Положение армии в настоящее время незавидно. С одной стороны, ее роль в жизни страны объективно возрастает, хотел бы этого кто-нибудь или нет. Весьма характерно, что не прошло и двух недель после рекомендаций комиссии по тбилисским событиям о недопустимости использования армии для разрешения внутренних конфликтов и многочисленных заклинаний на эту тему в печати, как она была использована в том же Закавказье, — жизнь снова внесла свои поправки в рассуждения «демократов», и даже самой радикальной прессе пришлось на время закрыть рот. С другой стороны, армии, вынужденной выполнять такие функции, навязан комплекс вины. Сколько бы ни делалось оговорок, что афганская кампания не должна ставиться в вину армии и военнослужащим, «честно выполнявшим свой долг», а все равно освещение «афганских» вопросов ведется так, что объективно носит антиармейский характер, и военные это остро чувствуют (будь иначе, собственно, и оговорок бы таких делать не приходилось). Освещение апрельских событий в Тбилиси тоже очень сильно ударило по армии. Тот факт, что даже после того, как комиссия Собчака сквозь зубы была вынуждена признать, что погибшие там женщины вовсе не были зарублены саперными лопатками, образ солдат, рубящих пресловутыми лопатками «безоружных людей», продолжает циркулировать в прессе, став почти «общим местом» в рассуждениях о «безобразиях в армии», свидетельствует о том, что цели, которые преследовала кампания вокруг тбилисских событий, достигнуты.

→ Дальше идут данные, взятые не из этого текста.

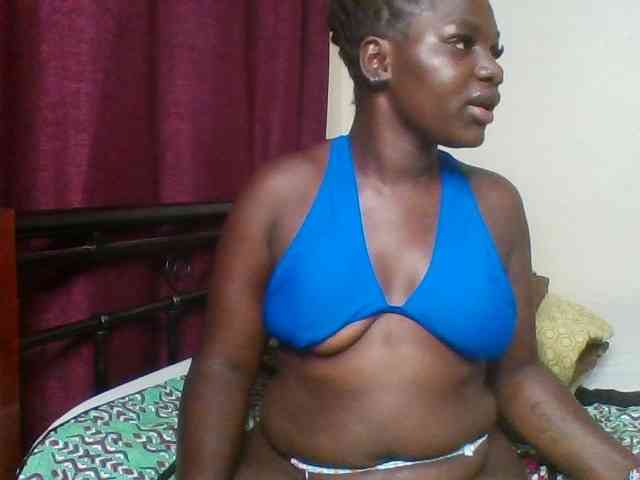 Lara61 webcam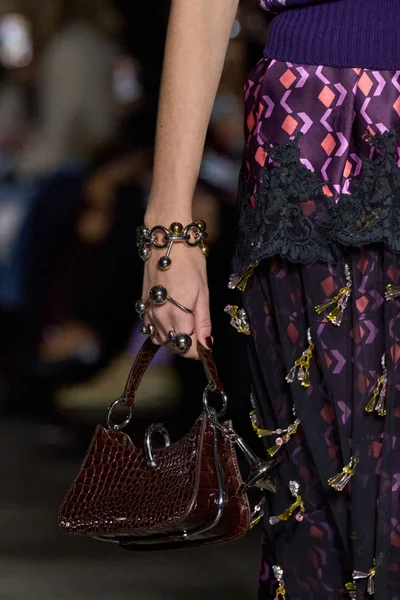 Look 79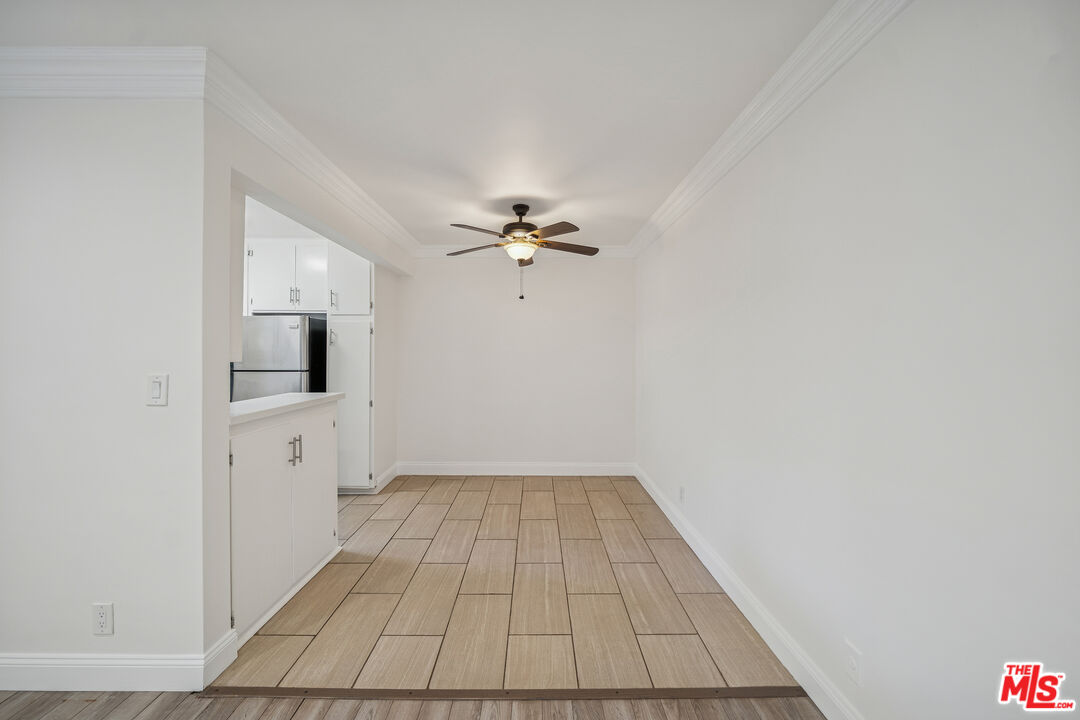 1215 N Hayworth Ave Unit: 104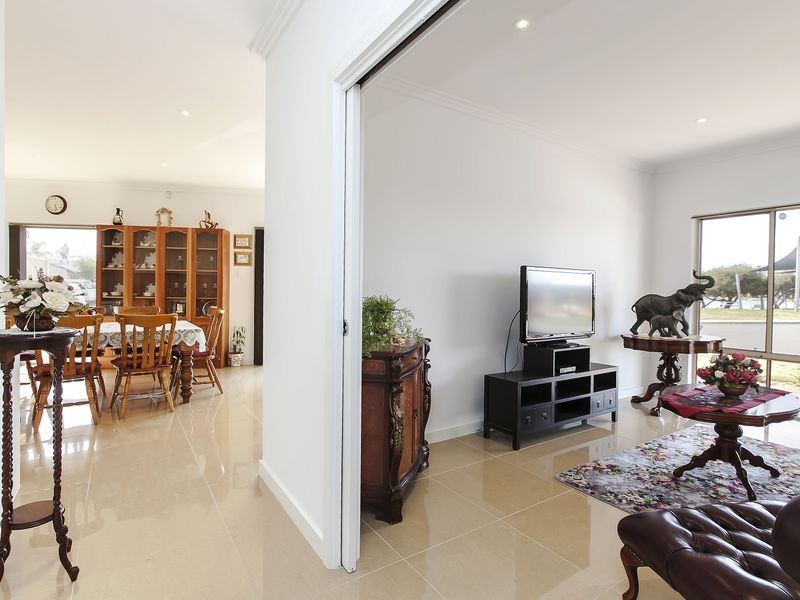 7 Tuart Place, West Lakes SA 5021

«Тбилисский синдром», как известно, в полной мере проявился в Ферганской долине: стоявшим там воинским частям ничего не стоило подавить мятеж в самом начале, но опасения подвергнуться остракизму, подобному тому, что был применен к воинам в Тбилиси, заставили начать стрелять не раньше, чем начались штурмы военных городков. Результат известен — пока ждали прибытия внутренних войск да пока еще эти войска стали применять оружие, десятки людей были перебиты. После такого результата даже в либеральной прессе зазвучали укоры в нерешительности. Но нет никакого сомнения, что если бы тысячные толпы мятежников были бы самым суровым образом разогнаны армией в самом начале и многочисленных жертв среди невинных мирных жителей (которые невозможно замолчать) не было бы (а были бы только некоторые жертвы среди погромщиков), то в прессе поднялась бы новая истеричная кампания против элодеев-генералов, потопивших в крови «народное движение в поддержку перестройки и национального возрождения».
Но и кампании вокруг Тбилиси оказалось вполне достаточно. Когда затем последовали абхазские события и обострение карабахской ситуации, то движение на железных дорогах было на несколько недель парализовано. Такое положение дел должно было показаться удивительным. Ведь если правительство не в состоянии установить контроль над железной дорогой, то на что, спрашивается, оно вообще способно? Даже не вмешиваясь в сам конфликт, можно же было обеспечивать вооруженной рукой прохождение поездов и нейтрализовать всякого, кому бы вздумалось «блокировать» дорогу. Но пришлось бы когда-то и стрелять, а какой воинский начальник осмелился бы отдать такой приказ в созданной после Тбилиси вокруг армии общественной атмосфере? Поэтому уже ничему можно было не удивляться — ни наличию многотысячных отрядов вооруженных автоматическим оружием боевиков, вопрос о разгоне и разоружении которых даже не стоял (не говоря уже о какой-то ответственности за захват и ношение оружия), ни разгрому государственной границы.